How to delete large amounts of data in Rails and concerns

Introduction

Hello everyone! I'm @hiroki_tanaka, the producer of Mayu Sakuma.

I'm involved in maintaining Rails applications, and the other day I discovered that there was a lot of unwanted data in my production environment. That's why I considered how to delete a large amount of data in Rails, so I summarized what I investigated.

Difference between destroy and delete in Rails

First, Rails has two data deletion methods, destroy and delete. I would like to briefly summarize the differences between them.

destroy/destroy! Deletes one record specified via ActiveRecord. Callback methods (such as before_destroy and ʻafter_destroy) and validation work through ActiveRecord. Also, if there is a related Model for which dependent:: destroy` is set for the Model to be deleted, the set Model is also deleted. destroy will only return false and will not return an exception if an error occurs during execution and it cannot be deleted. In contrast, destroy! Returns an exception. Therefore, if you want to explicitly catch the error when deleting, it is better to use destroy !.

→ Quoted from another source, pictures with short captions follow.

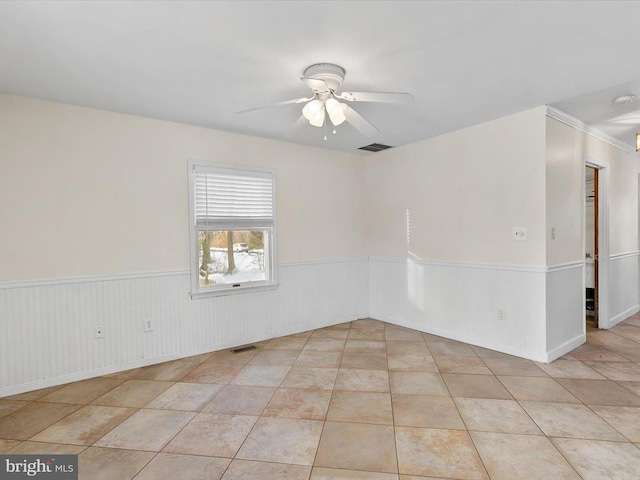 tiled spare room featuring ceiling fan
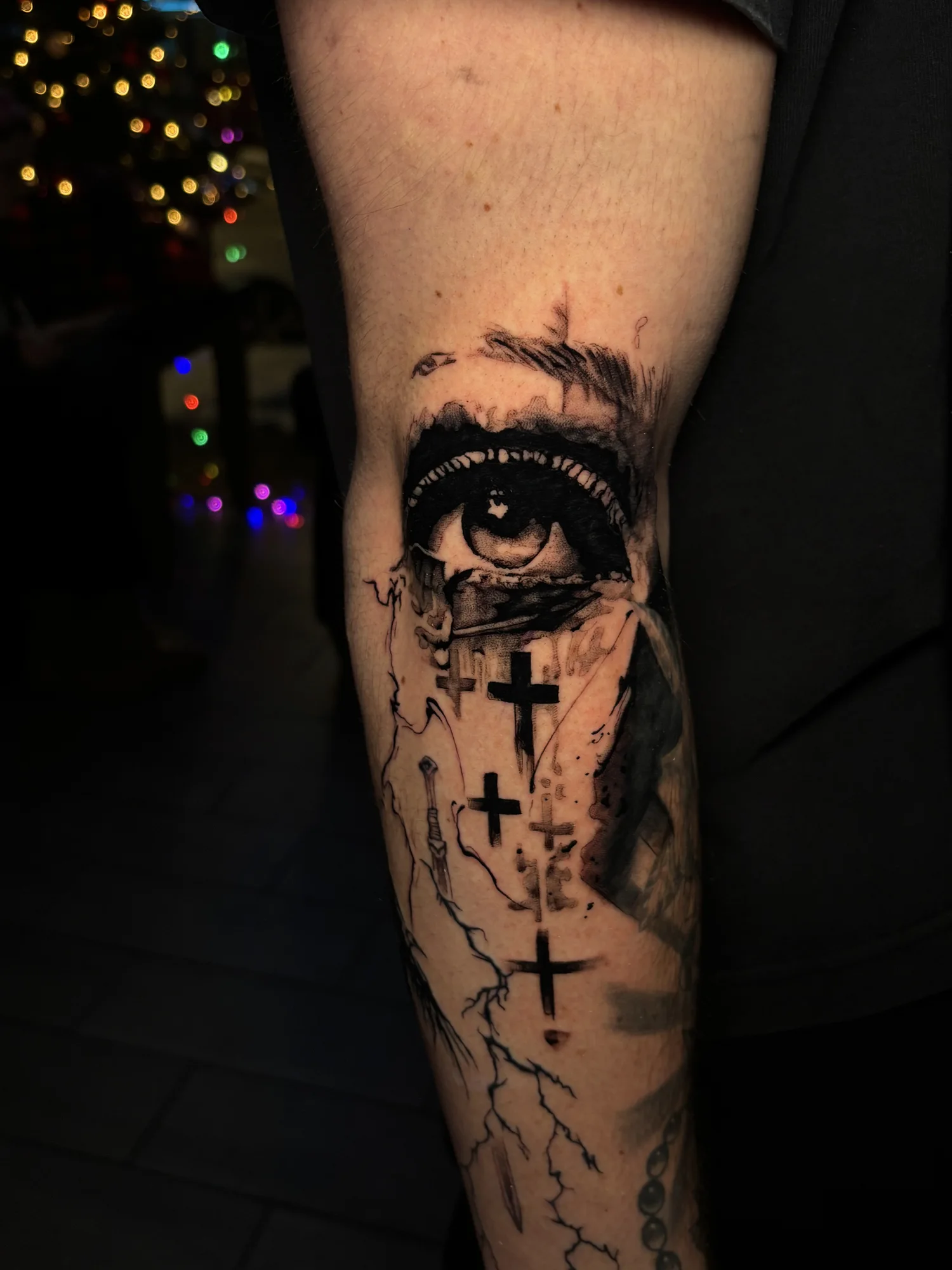 Fine-line blackwork eye and crosses tattoo on the forearm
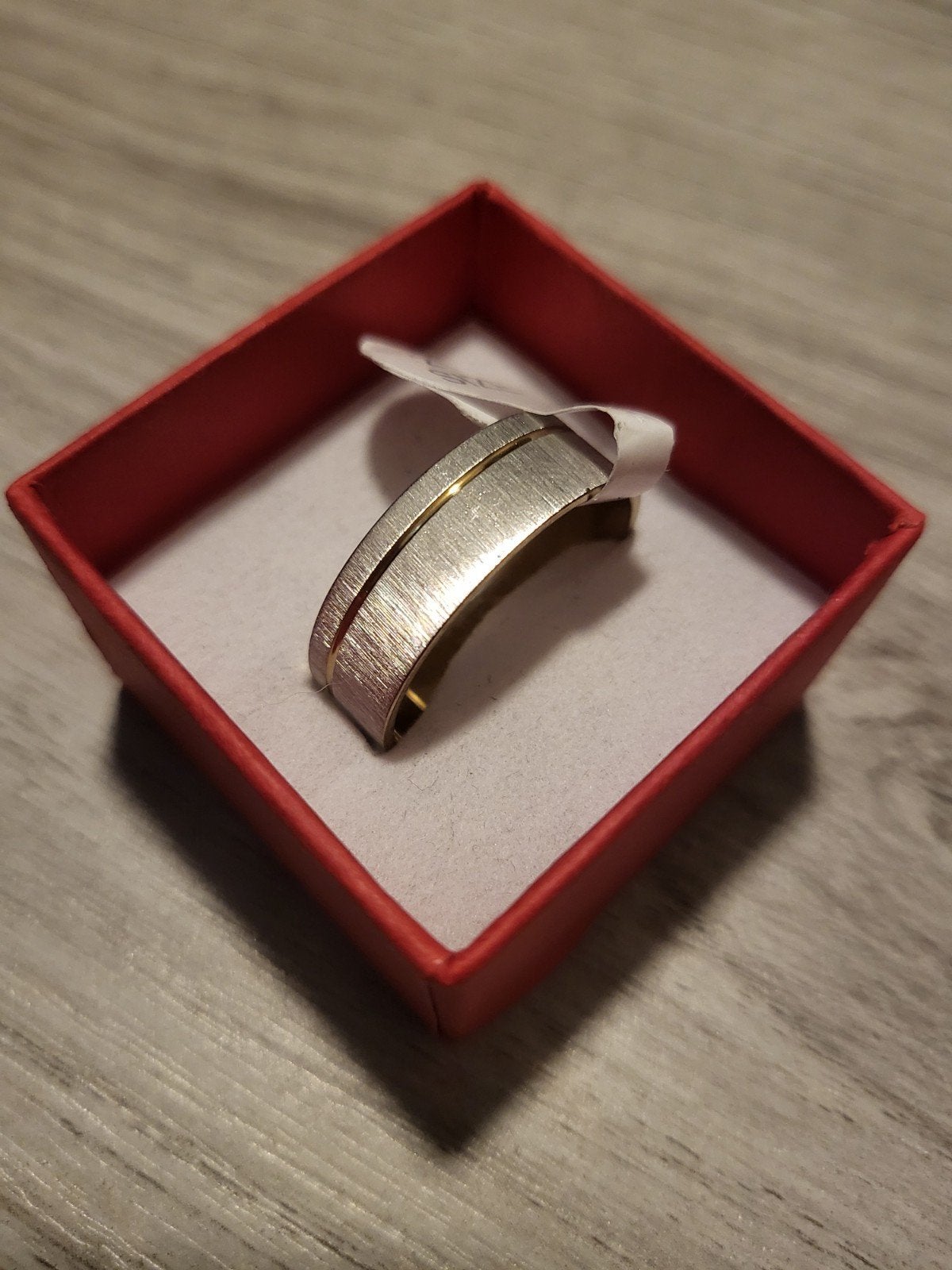 Nieuwe ring, maat 21, zilverkleurig met gouden accent, 20 of groter, IJzer of Staal, Nieuw, Ophalen of Verzenden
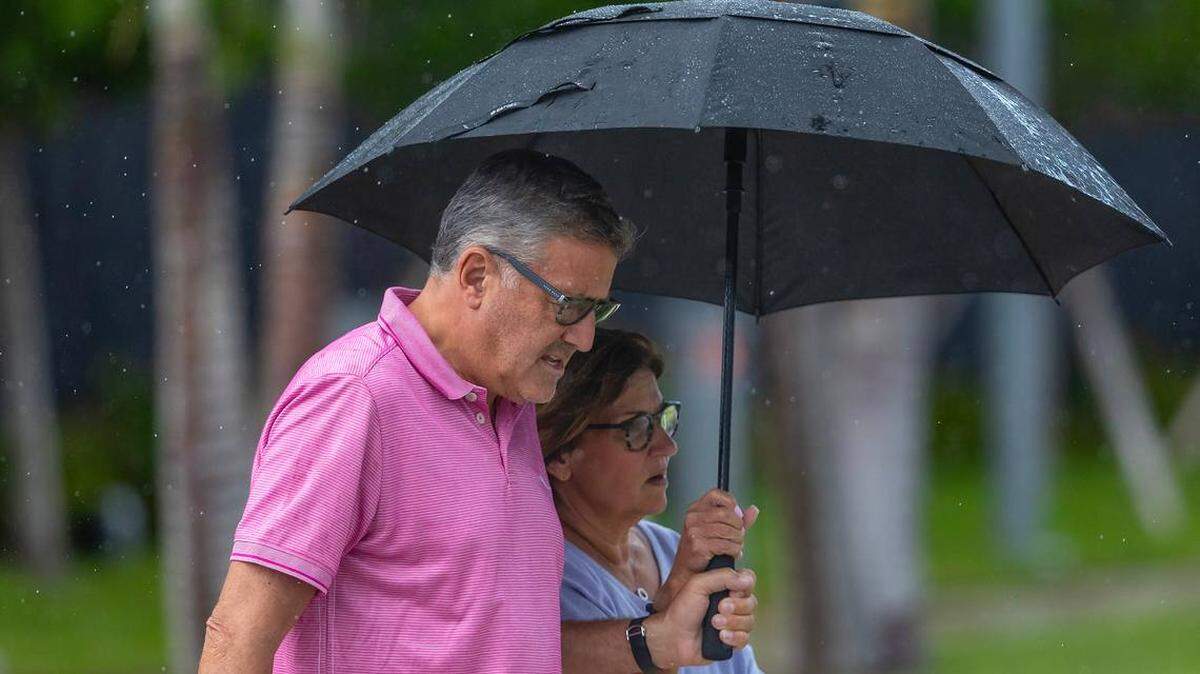 Dos personas se resguardan de la lluvia bajo un paraguas mientras caminan por 18555 Collins Ave en Sunny Isles Beach, Florida, el martes 28 de mayo de 2024. DAVID SANTIAGO dsantiago@miamiherald.com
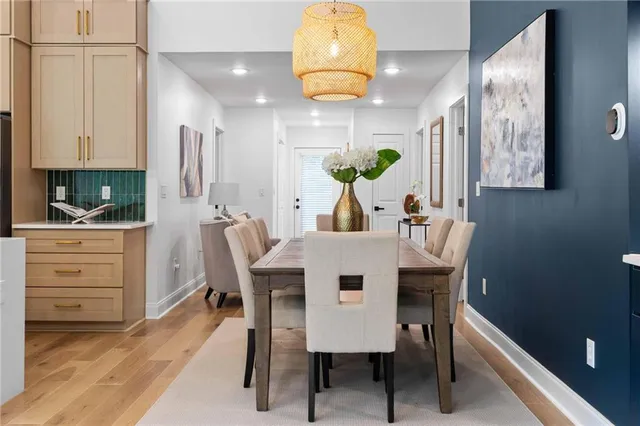 a view of a dining room with furniture and wooden floor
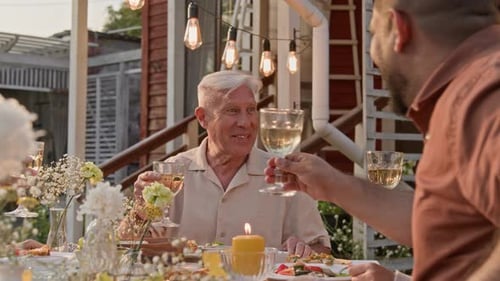 Senior Man Hosting Family Dinner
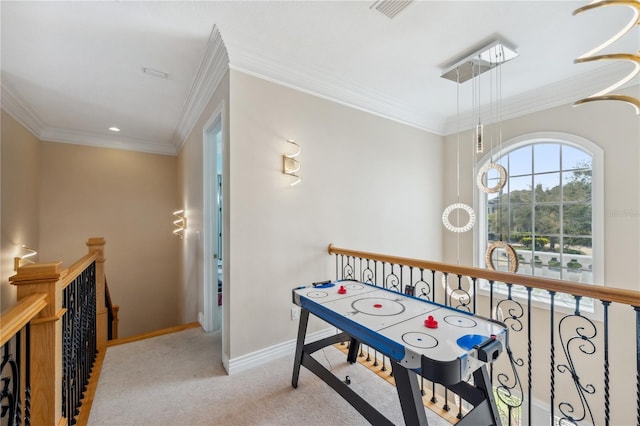 rec room featuring crown molding, carpet, visible vents, and baseboards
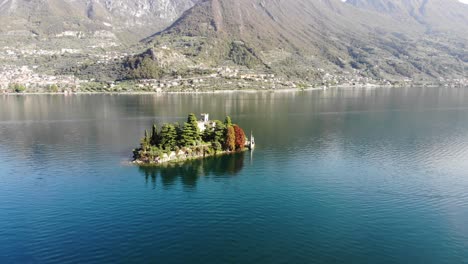 Drone-rotating-over-Isola-di-Loreto-on-Iseo-lake-revealing-the-autumn-panorama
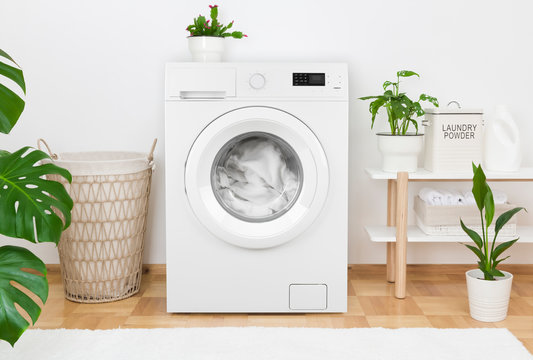 Simple interior of home laundry room with modern washing machine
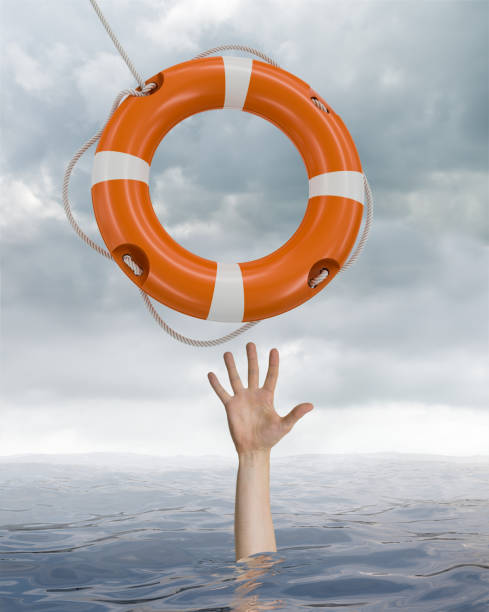 istock Man is drowning in ocean and is catching life buoy. 813565542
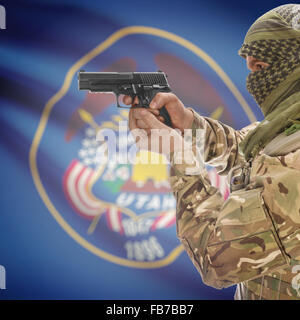 Maschio con la pistola in mano e stato americano bandiera sulla serie di sfondo - Utah Foto Stock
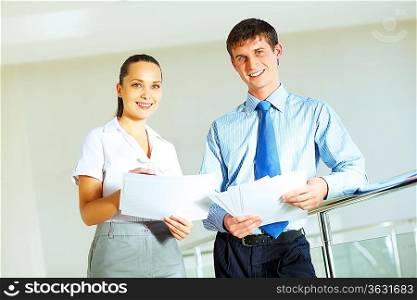 A portrait of a businesswoman and a businessman working together as a team im the office
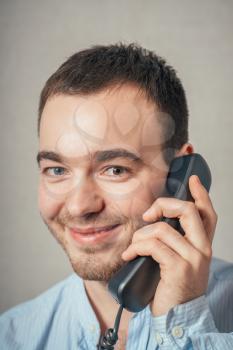 Man holding a telephone tube and smiling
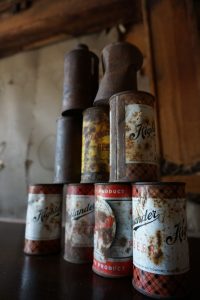 A stack of nine rusting Highlander Beer cans.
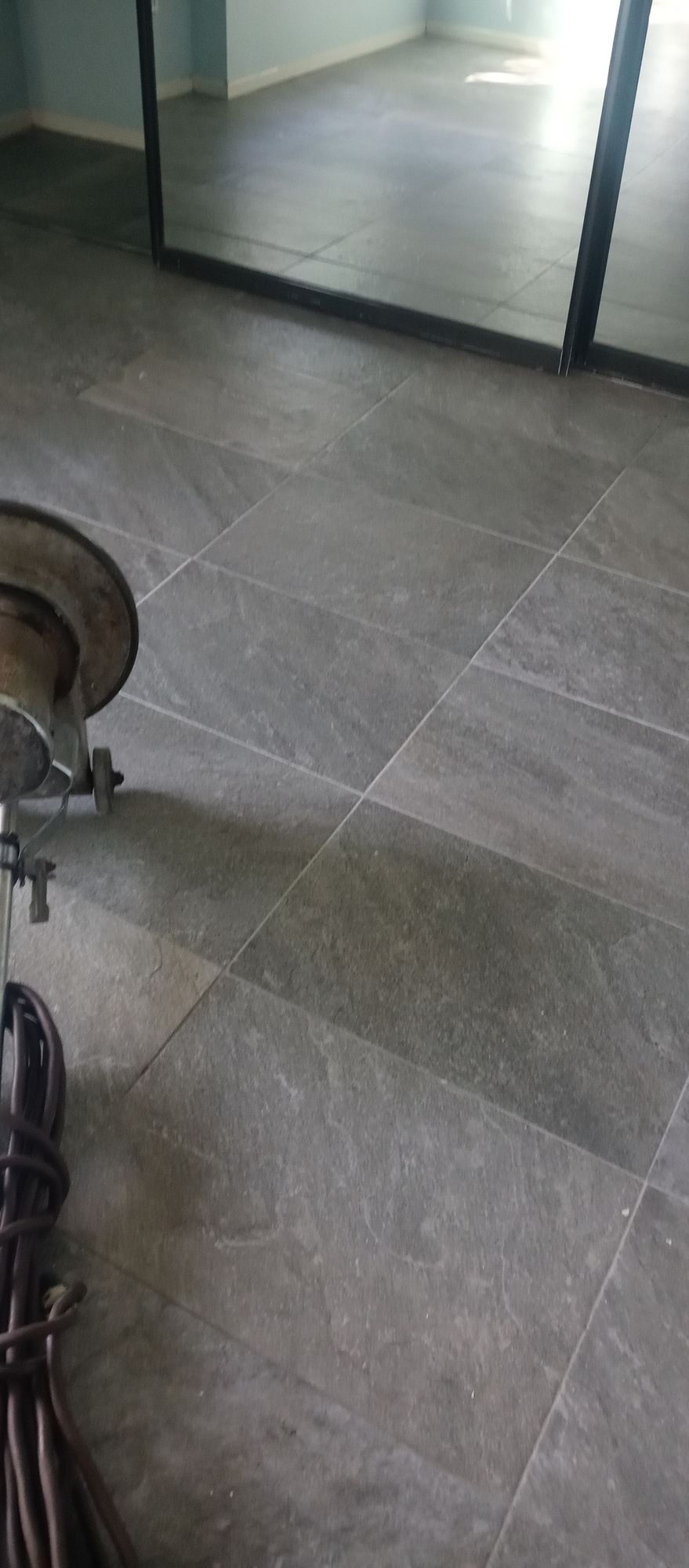 A drum set is sitting on a tiled floor next to a mirror.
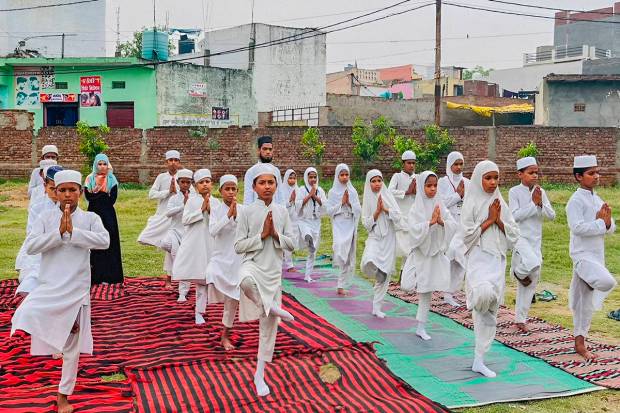 Ghaziabad: Students perform yoga on the International Day of Yoga, at a madrasa in Ghaziabad. (PTI Photo)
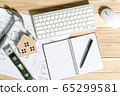 Architect workplace top view. Architectural project, blueprints, blueprint rolls on table. Construction background. Engineering tools. Copy space 65299581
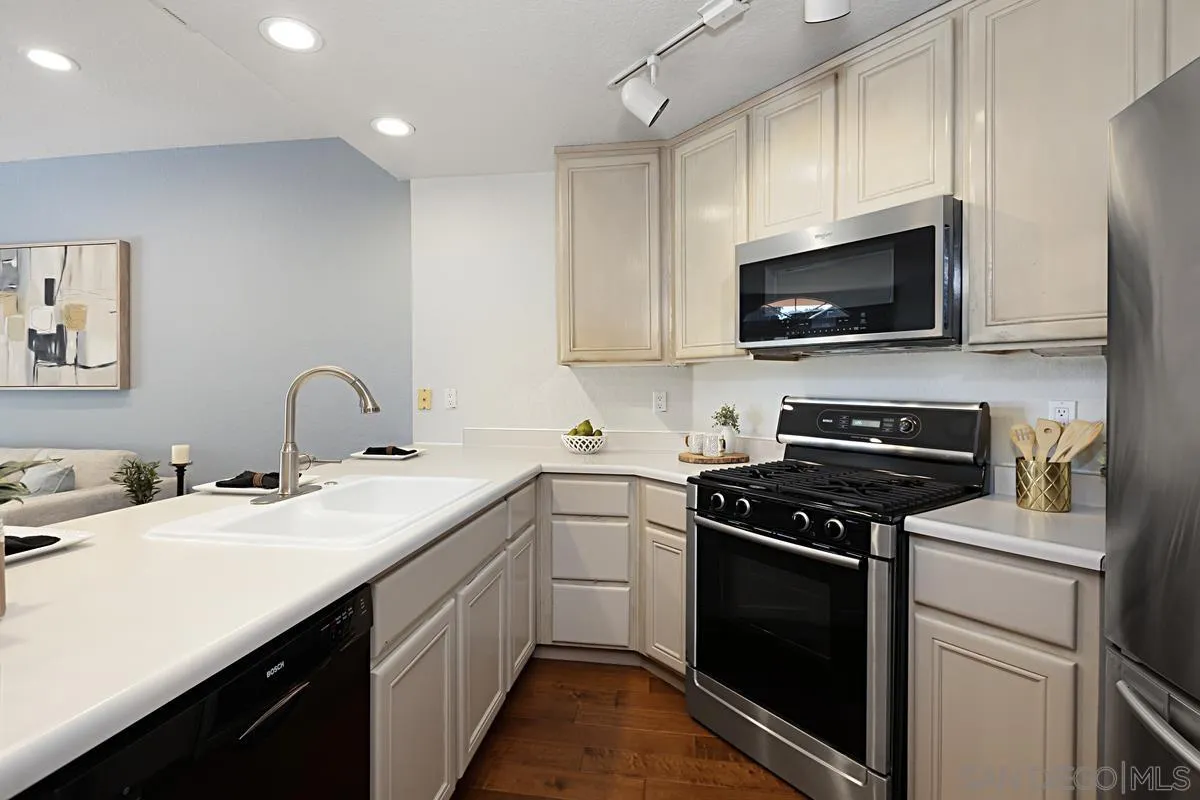 3620 Third Avenue, Unit 104 San Diego, CA 92103 - Photo 3 of 7 a kitchen with a sink stove and microwave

delete Issue SQL (DELETE statement) directly to DB without going through ActiveRecord to delete the target record. The callback method and validation don't work because it doesn't go through ActiveRecord. Also, even if there is a Model associated with dependent:: destroy in the Model to be deleted, it will not be deleted. The behavior at the time of failure is the same as destroy, it only returns false and does not return an exception. Since delete! Does not exist in delete, I think it is better to use destroy! Obediently when "I want to delete data and return an error if it fails".

destory_all Only one record can be deleted with destroy / destroy !, but history_all can specify multiple records and deletes all the specified records. Like destroy, history_all also goes through ActiveRecord, so the callback method and validation · dependent:: destroy work. Like destroy, destory_all causes an error at runtime, and if the deletion process fails in the middle, it only returns false and does not return an exception. However, there is no method called destory_all !, so if you want to delete a large amount of data, but if it fails, you need to return an error properly. (The method will be described later.)

delete_all Deletes the specified multiple records without going through ActiveRecord. Like delete, the callback method and validation · dependent:: destroy do not work. Like delete, delete_all also causes an error at runtime, and if the delete process fails in the middle, it only returns false and does not return an exception. Personally, I don't think there are many situations where it is used, but the processing without ActiveRecord is faster than destroy and story_all. Therefore, I think that it can be used in situations where you want to delete a large amount of data at once without worrying about exceptions, callbacks, and related items.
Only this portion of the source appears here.